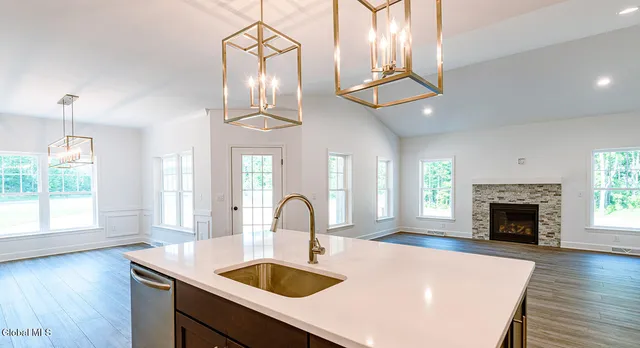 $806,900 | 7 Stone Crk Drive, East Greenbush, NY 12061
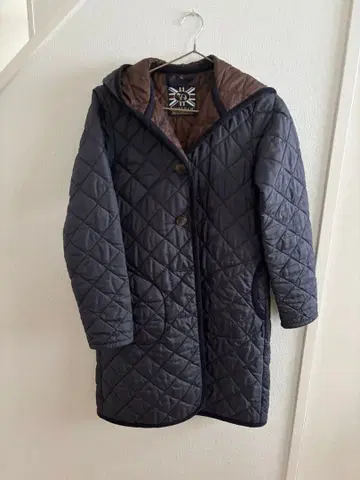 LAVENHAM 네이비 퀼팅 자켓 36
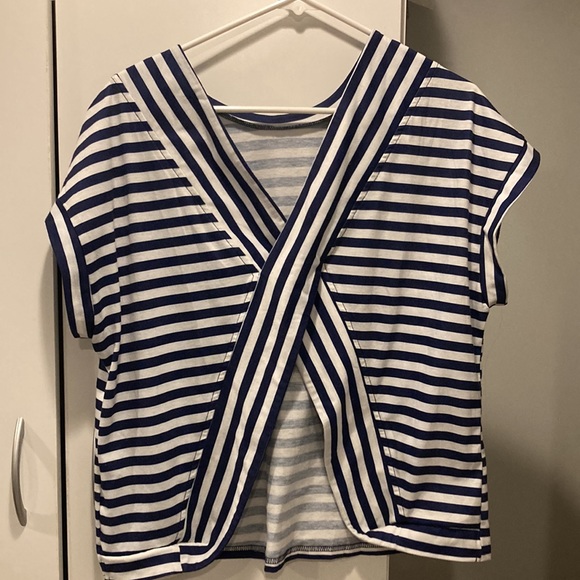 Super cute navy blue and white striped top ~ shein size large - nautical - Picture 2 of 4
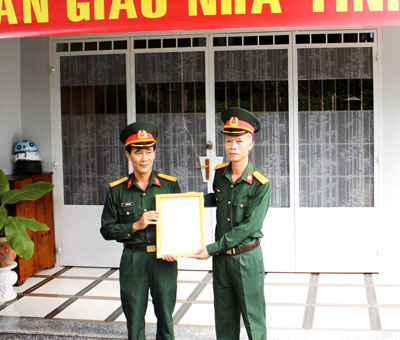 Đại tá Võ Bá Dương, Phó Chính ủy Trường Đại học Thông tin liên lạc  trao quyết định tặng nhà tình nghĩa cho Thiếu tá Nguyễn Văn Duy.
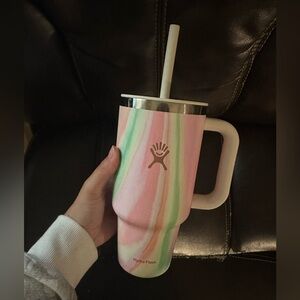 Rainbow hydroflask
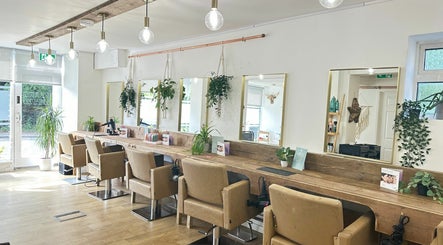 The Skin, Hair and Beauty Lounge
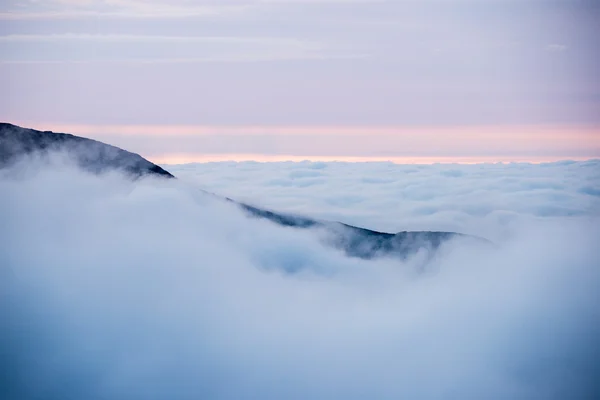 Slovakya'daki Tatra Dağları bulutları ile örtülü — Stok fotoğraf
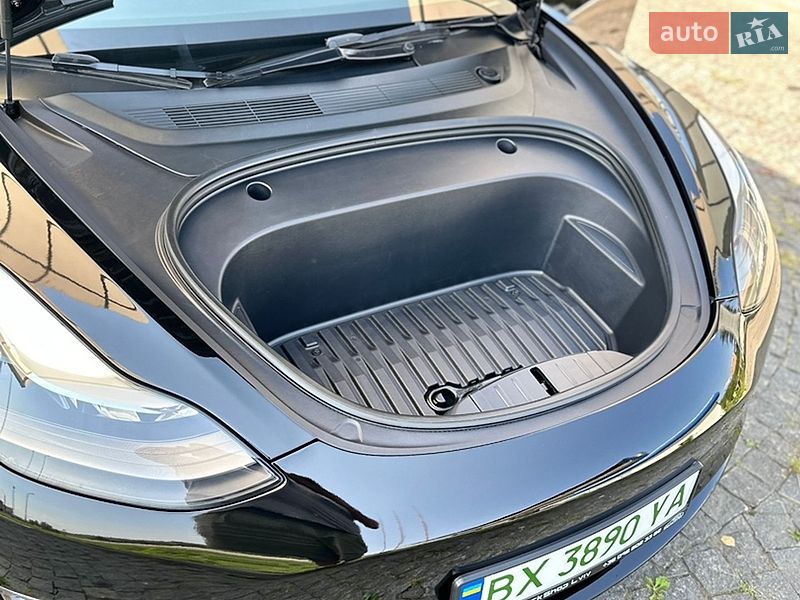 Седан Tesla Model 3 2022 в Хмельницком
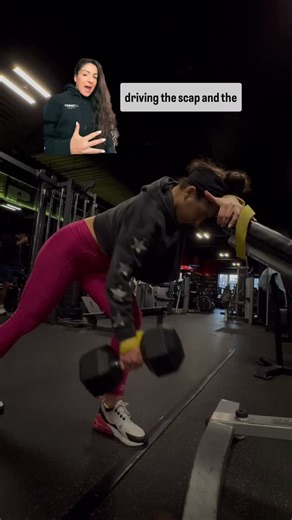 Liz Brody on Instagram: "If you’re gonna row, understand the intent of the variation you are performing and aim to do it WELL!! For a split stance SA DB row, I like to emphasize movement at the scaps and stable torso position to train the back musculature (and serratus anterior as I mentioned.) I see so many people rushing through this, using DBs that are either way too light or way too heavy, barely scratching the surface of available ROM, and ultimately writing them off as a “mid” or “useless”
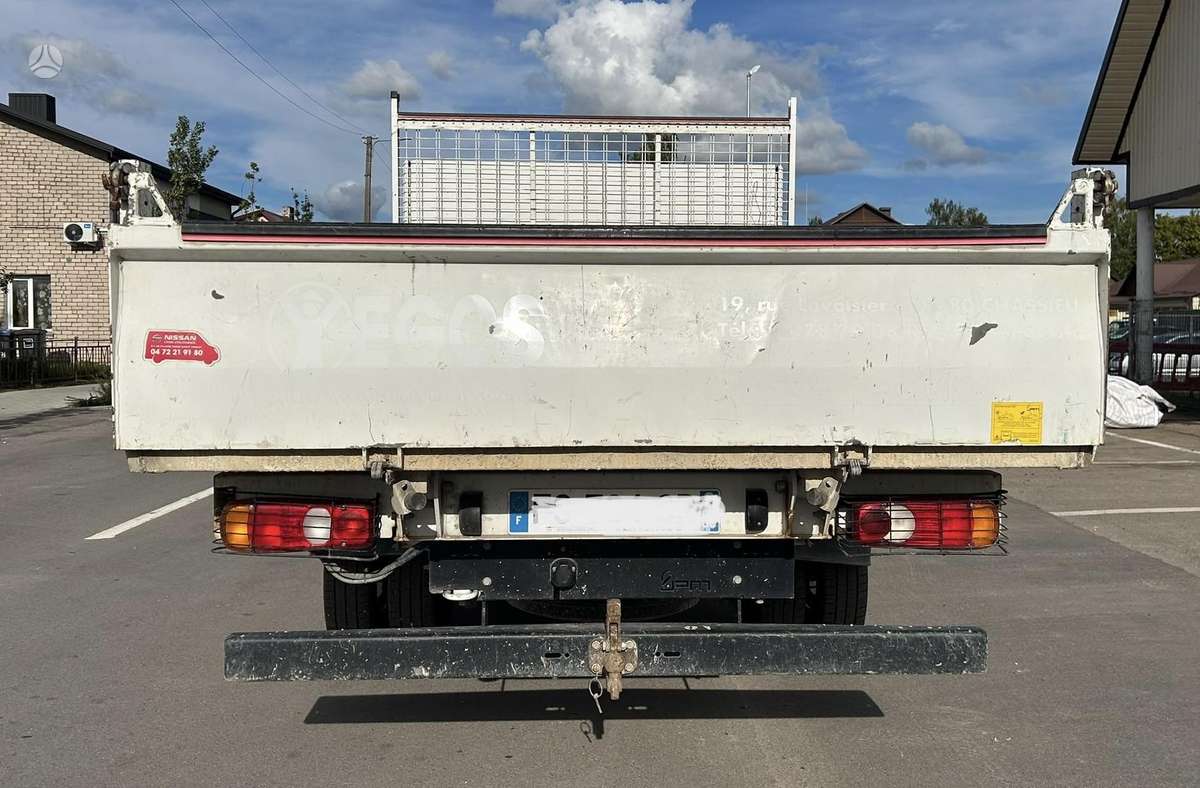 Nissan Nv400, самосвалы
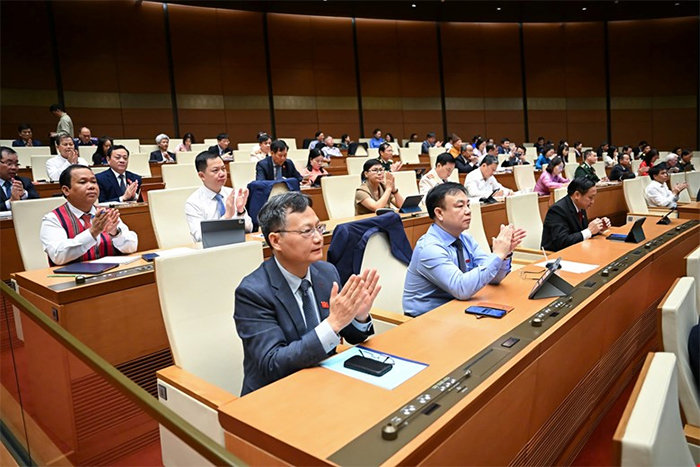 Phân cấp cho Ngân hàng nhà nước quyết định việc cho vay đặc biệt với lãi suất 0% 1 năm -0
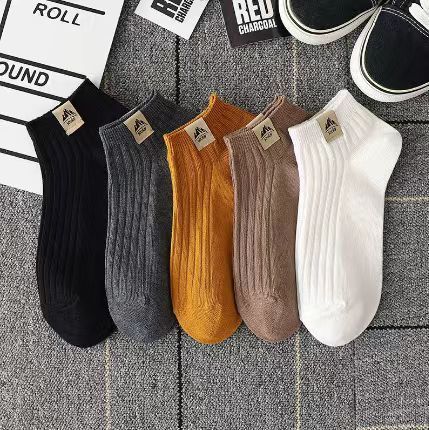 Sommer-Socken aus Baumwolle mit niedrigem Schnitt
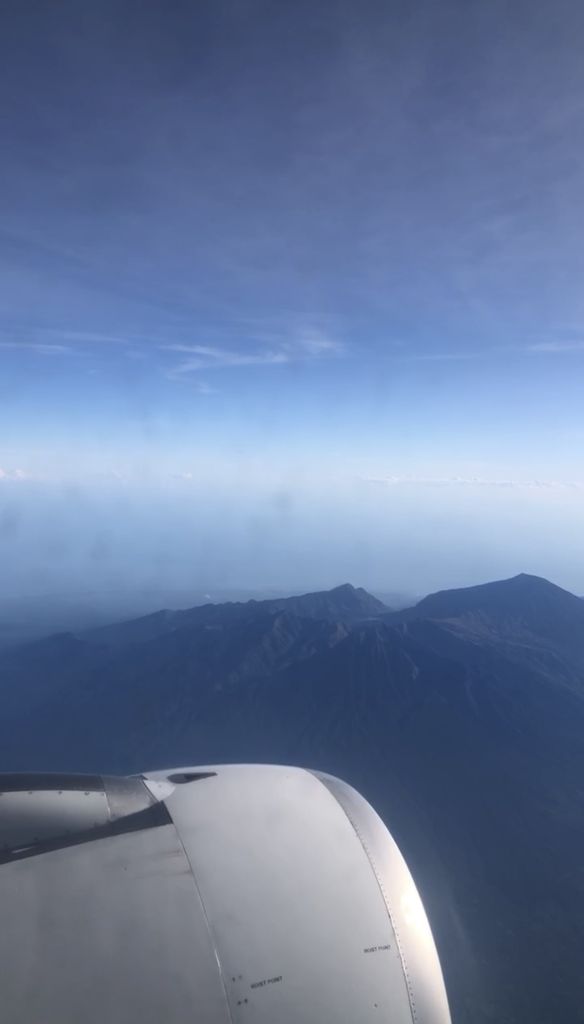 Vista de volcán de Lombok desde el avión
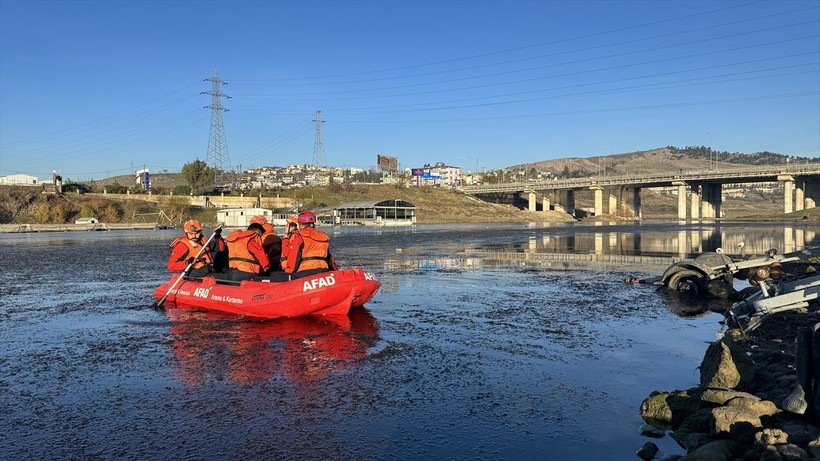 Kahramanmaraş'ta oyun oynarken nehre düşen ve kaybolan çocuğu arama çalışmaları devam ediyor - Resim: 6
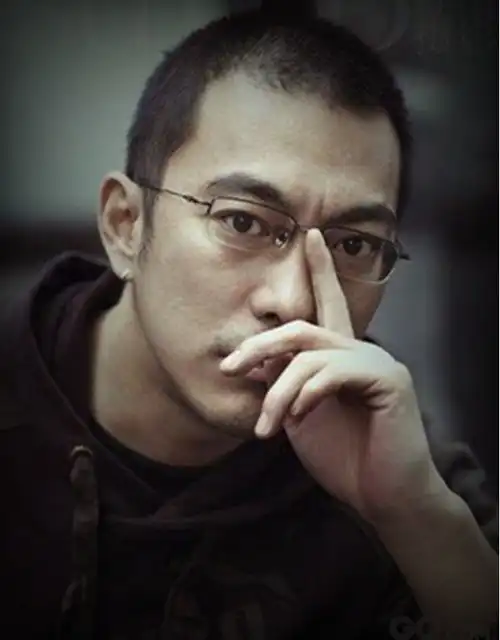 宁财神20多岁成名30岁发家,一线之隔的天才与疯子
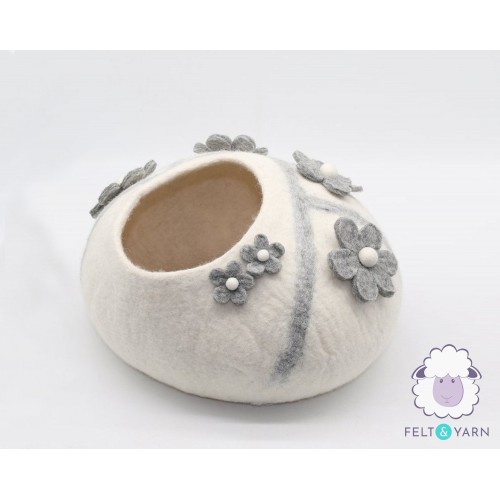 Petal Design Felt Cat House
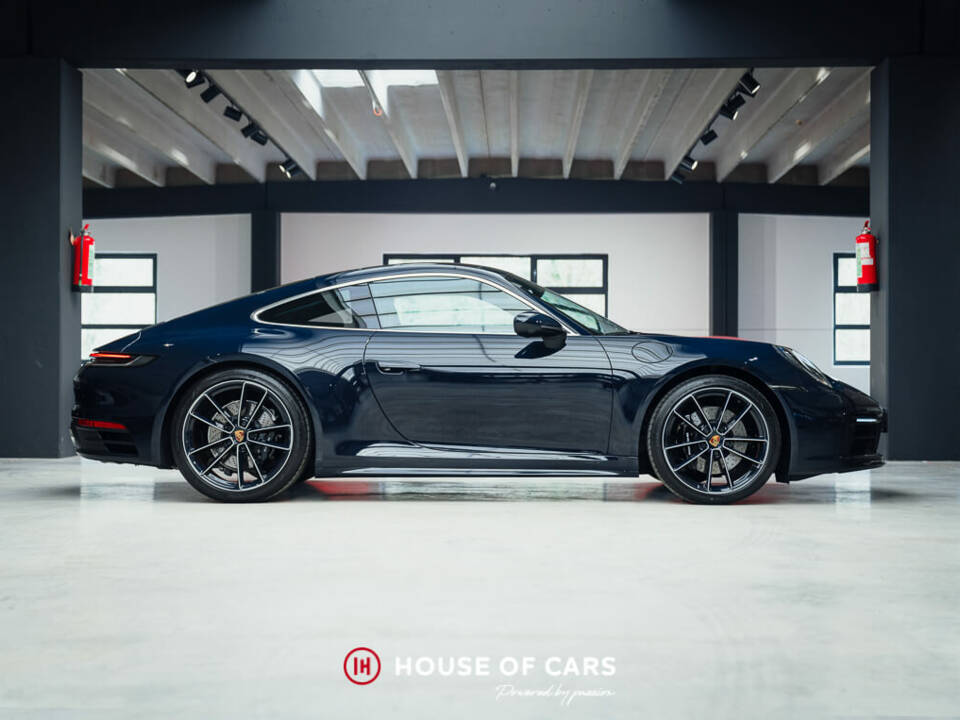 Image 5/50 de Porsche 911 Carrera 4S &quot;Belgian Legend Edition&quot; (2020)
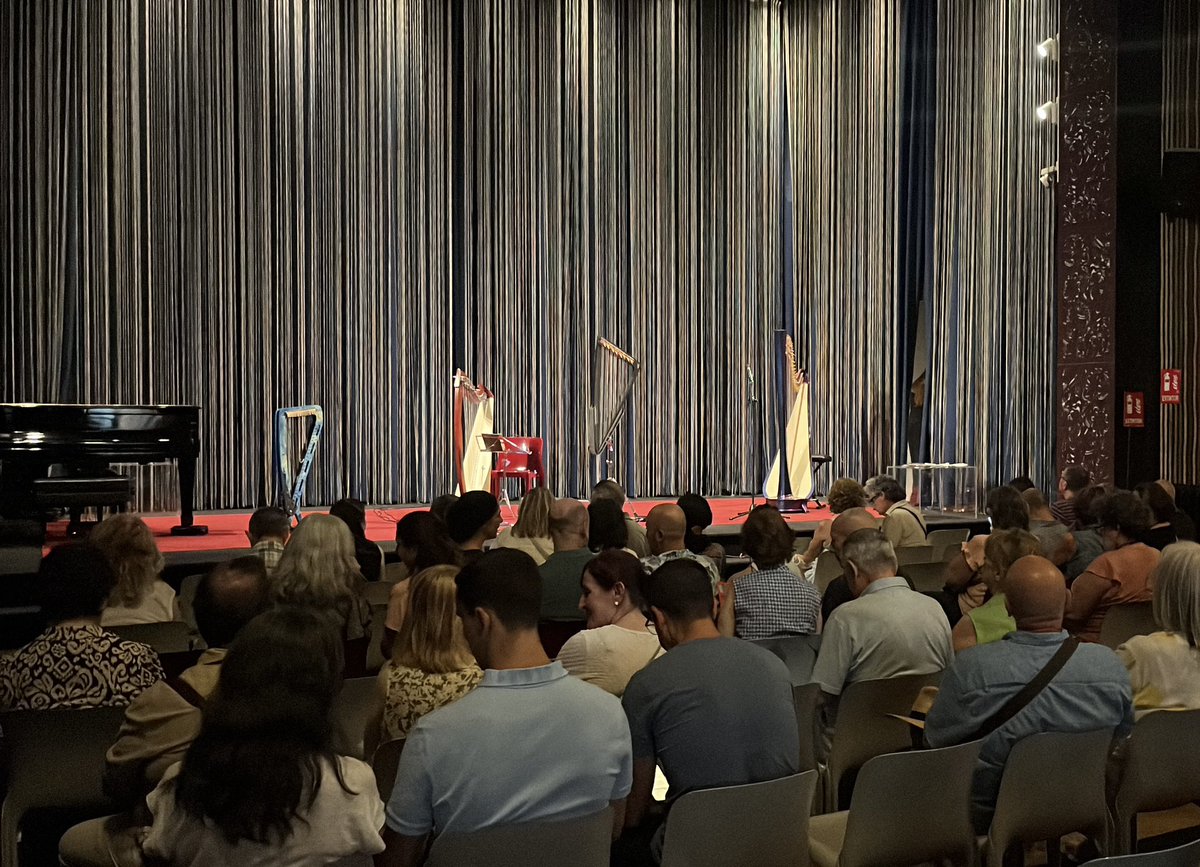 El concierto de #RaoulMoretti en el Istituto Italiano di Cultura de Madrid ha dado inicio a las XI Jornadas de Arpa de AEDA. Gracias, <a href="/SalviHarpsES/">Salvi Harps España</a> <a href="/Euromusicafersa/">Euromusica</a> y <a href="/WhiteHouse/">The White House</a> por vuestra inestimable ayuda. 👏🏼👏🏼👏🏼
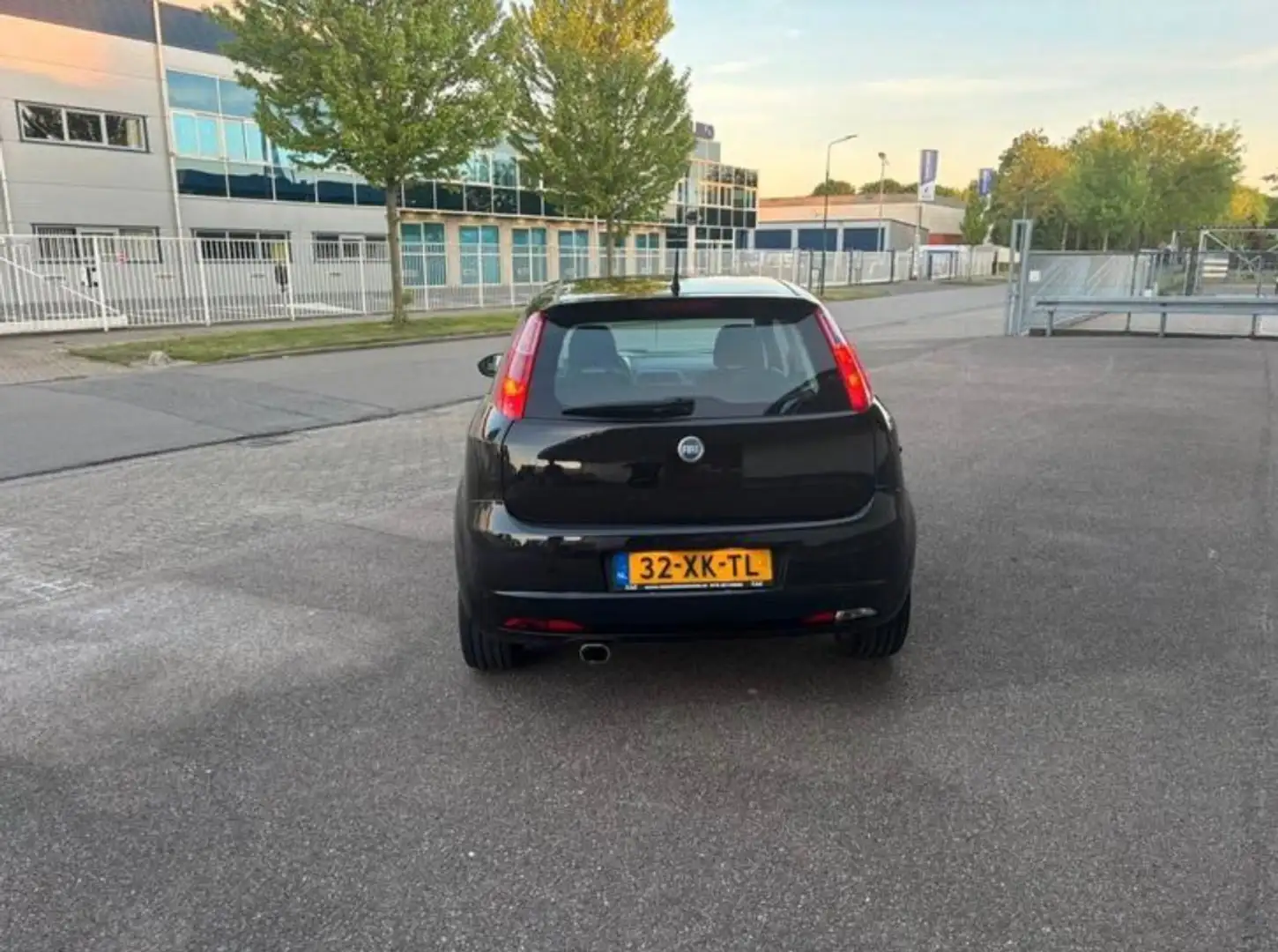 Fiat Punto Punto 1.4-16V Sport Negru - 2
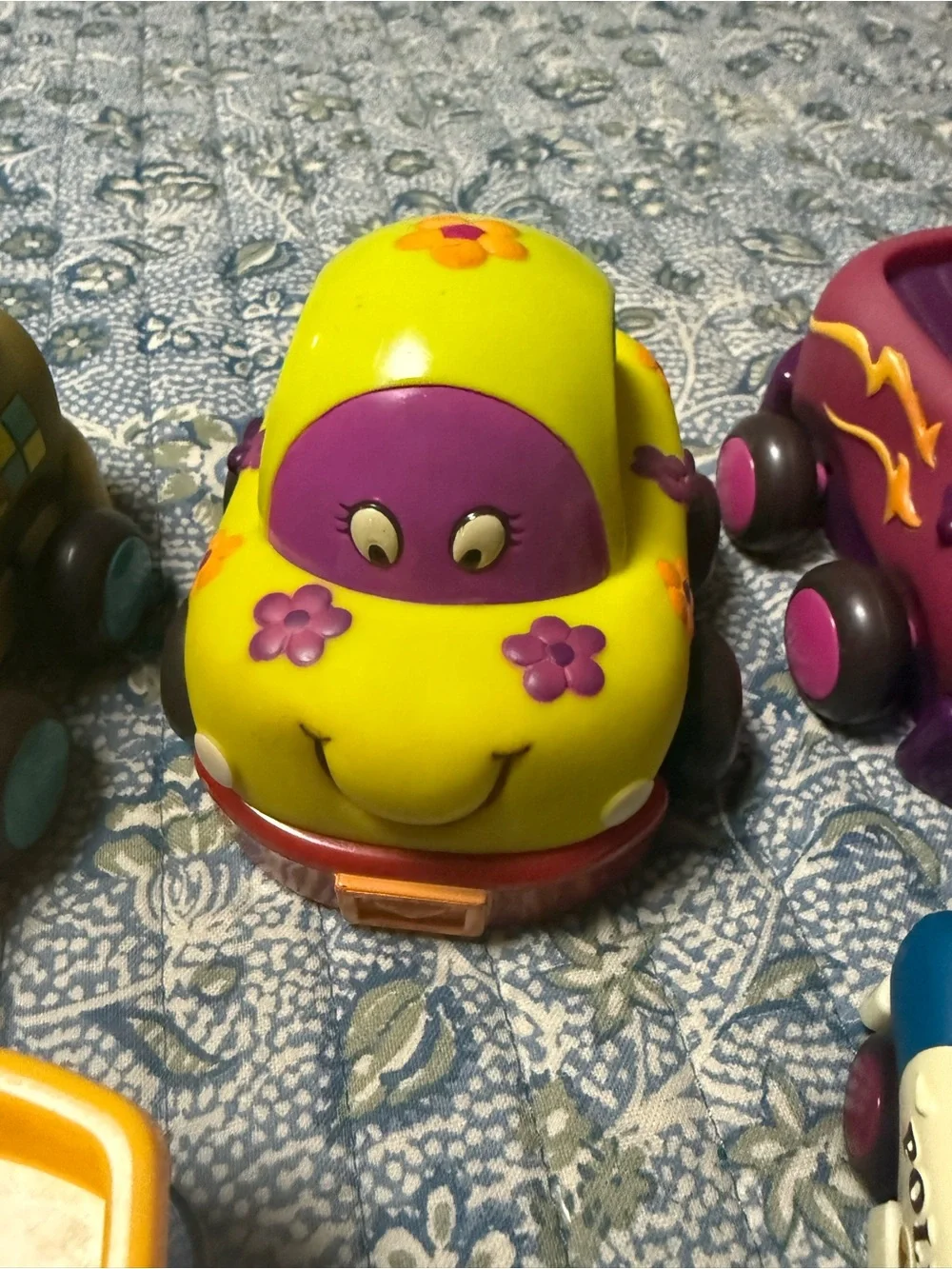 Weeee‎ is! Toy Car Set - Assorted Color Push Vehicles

————————

**THE TASK**: With pictures excluded, reproduce exactly the lines above from the one containing "Đại tá Võ Bá" down to the one containing "宁财神20多岁成名30岁发家,一线之隔的天才与疯子", those two included.

**TASK ANSWER**:
 Đại tá Võ Bá Dương, Phó Chính ủy Trường Đại học Thông tin liên lạc  trao quyết định tặng nhà tình nghĩa cho Thiếu tá Nguyễn Văn Duy.
 Rainbow hydroflask
 The Skin, Hair and Beauty Lounge
 Slovakya'daki Tatra Dağları bulutları ile örtülü — Stok fotoğraf
 Седан Tesla Model 3 2022 в Хмельницком
 Liz Brody on Instagram: "If you’re gonna row, understand the intent of the variation you are performing and aim to do it WELL!! For a split stance SA DB row, I like to emphasize movement at the scaps and stable torso position to train the back musculature (and serratus anterior as I mentioned.) I see so many people rushing through this, using DBs that are either way too light or way too heavy, barely scratching the surface of available ROM, and ultimately writing them off as a “mid” or “useless”
 Nissan Nv400, самосвалы
 Phân cấp cho Ngân hàng nhà nước quyết định việc cho vay đặc biệt với lãi suất 0% 1 năm -0
 Sommer-Socken aus Baumwolle mit niedrigem Schnitt
 Vista de volcán de Lombok desde el avión
 Kahramanmaraş'ta oyun oynarken nehre düşen ve kaybolan çocuğu arama çalışmaları devam ediyor - Resim: 6
 宁财神20多岁成名30岁发家,一线之隔的天才与疯子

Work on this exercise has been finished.